» **Exercise goal**
Could you restate word for word the lines running from the one with "Kiparissia Appartement |" to the end of the data, both ends included, but without pictures?

» **Dataset extract**
▬▬▬▬▬▬▬▬▬▬
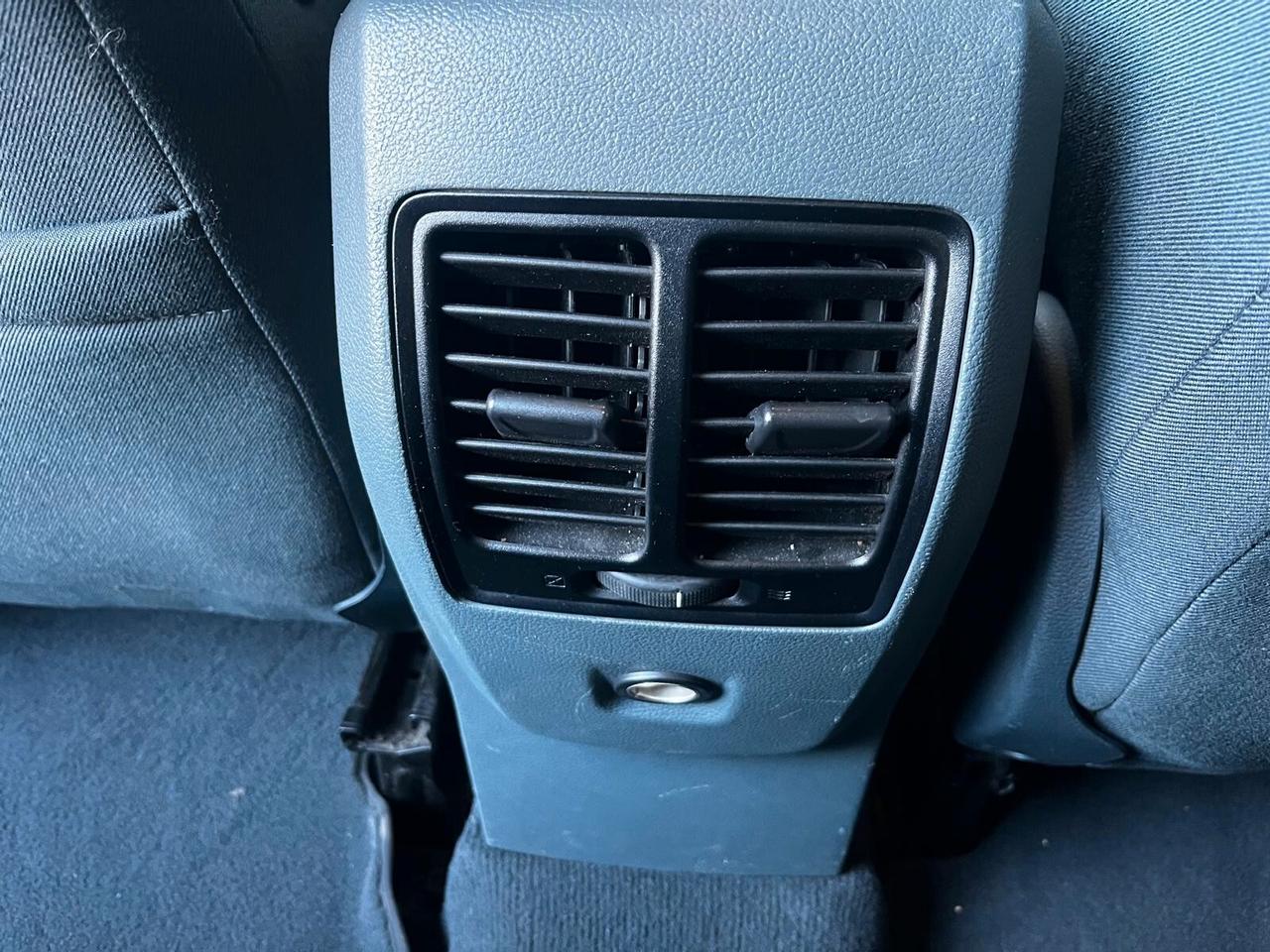 Ford C-Max 2.0 TDCi 115CV Powershift Titanium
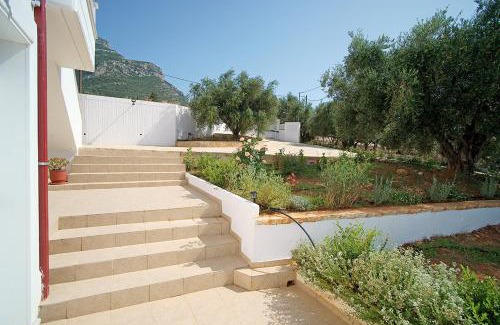 Kiparissia Appartement | Messinian Seaview Retreat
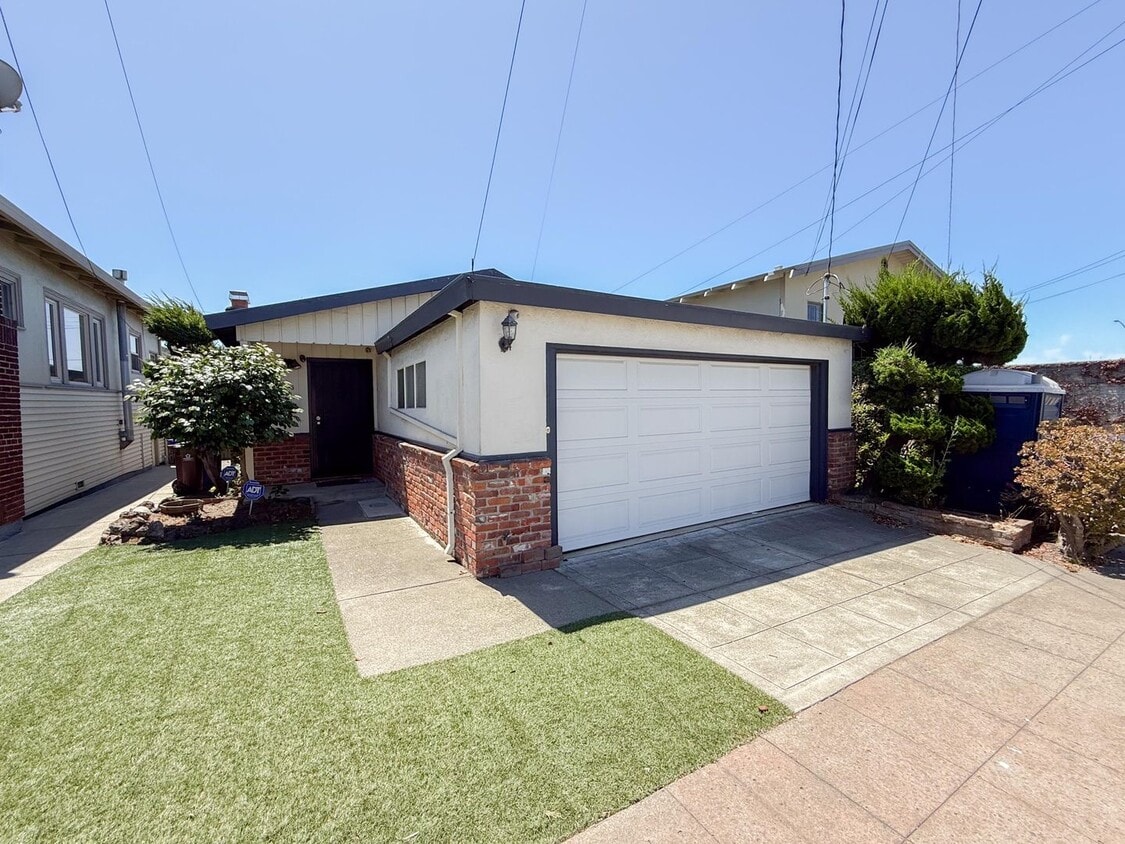 Charming 3BR/2BA Richmond Home with Spacio... - Charming 3BR/2BA Richmond Home with Spacio...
▬▬▬▬▬▬▬▬▬▬
» **Answer for this exercise**
 Kiparissia Appartement | Messinian Seaview Retreat
 Charming 3BR/2BA Richmond Home with Spacio... - Charming 3BR/2BA Richmond Home with Spacio...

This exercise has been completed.